Ci sono quelli della Bekaert di Figline Valdarno, che pensano di creare una cooperativa e far ripartire da soli la fabbrica di fili metallici abbandonata dalla multinazionale belga. Oppure quelli della Sider Alloys di Portovesme, i pochi rientrati fino ad ora nello stabilimento dell’alluminio ancora fermo: si autotassano per pagare il viaggio a Roma dei colleghi in attesa della riassunzione, che giovedì manifesteranno sotto il ministero dello Sviluppo Economico.
Gli operai provano a reagire alla crisi dell’industria italiana.
Disillusi dalle promesse e dalle riforme (Jobs act in primis) dei governi che si sono succeduti negli ultimi anni, non si rassegnano al declino del loro lavoro. Ma è una strada in ripida salita, come dimostrano i numeri sulla cassa integrazione della prima parte del 2019: dopo la progressiva flessione iniziata nel 2014, punto acuto della crisi, nei primi tre mesi di quest’anno il ricorso all’ammortizzatore sociale ha segnato una preoccupante inversione di tendenza. La crescita è stata del 6,07% sul primo trimestre 2018, con 65,9 milioni di ore.
Calcolando questo totale in termini di posti di lavoro, si determina un calo di 128.000 unità, pari a 8,2 milioni di giornate lavorative in meno e a una perdita complessiva di reddito netto superiore a 272 milioni di euro. Secondo le elaborazioni del centro studi Lavoro& Welfare, il grosso è concentrato nella cassa integrazione straordinaria pari al 70% del totale delle ore concesse: «E questo conferma il persistere di una forte criticità nella struttura produttiva — si legge nella ricerca — sulla quale continuano a pesare gli aspetti strutturali e congiunturali della crisi, e risultano anche minori e quasi inesistenti gli interventi di risanamento. Il livello medio di ricorso alla Cig, riferito ad anno mobile, resta oltre i 18 milioni di ore mese, troppo alto e lontano dalla normalità produttiva ante-2008».

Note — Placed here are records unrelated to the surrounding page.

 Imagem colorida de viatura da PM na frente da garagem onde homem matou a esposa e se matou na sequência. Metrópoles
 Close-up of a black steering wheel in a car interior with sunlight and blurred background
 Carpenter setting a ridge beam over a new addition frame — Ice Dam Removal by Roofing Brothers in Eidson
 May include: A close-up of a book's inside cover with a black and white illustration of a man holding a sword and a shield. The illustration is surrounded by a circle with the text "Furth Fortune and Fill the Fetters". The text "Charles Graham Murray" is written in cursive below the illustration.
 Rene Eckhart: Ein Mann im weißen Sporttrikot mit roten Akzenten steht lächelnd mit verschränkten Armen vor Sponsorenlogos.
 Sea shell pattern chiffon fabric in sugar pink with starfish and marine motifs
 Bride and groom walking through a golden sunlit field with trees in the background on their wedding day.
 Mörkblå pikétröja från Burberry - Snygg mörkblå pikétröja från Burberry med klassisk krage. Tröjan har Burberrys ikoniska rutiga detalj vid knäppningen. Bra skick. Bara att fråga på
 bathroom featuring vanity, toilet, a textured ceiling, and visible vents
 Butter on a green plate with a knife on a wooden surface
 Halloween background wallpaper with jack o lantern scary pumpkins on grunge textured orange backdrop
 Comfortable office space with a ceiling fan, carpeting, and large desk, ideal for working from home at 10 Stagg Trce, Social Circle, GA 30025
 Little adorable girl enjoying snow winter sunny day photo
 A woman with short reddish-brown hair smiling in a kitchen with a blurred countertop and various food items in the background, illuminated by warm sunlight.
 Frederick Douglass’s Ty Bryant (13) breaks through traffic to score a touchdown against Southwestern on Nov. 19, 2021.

Le regioni dove la Cassa aumenta di più sono la Liguria (+160,17%), il Lazio (+115,62%), il Molise (+99,31%), la Puglia (+94,15%), l’Abruzzo (+38,60%), la Sardegna (+30,55%). Quanto ai settori, spiccano il metallurgico (+354,59%), trasporti e comunicazioni (+183,89%), il meccanico (+7,79%), mentre registrano cali il commercio (-65,02%) e l’edilizia (-4,85%).
Ovviamente, l’andamento va soppesato anche in termini di rilevanza del singolo settore e, in questo senso, il dato che fa più riflettere è quello del comparto auto, come conferma Michele De Palma della Fiom: «In Italia è a rischio tutta la filiera dell’automotive, ma si continua a far finta di nulla.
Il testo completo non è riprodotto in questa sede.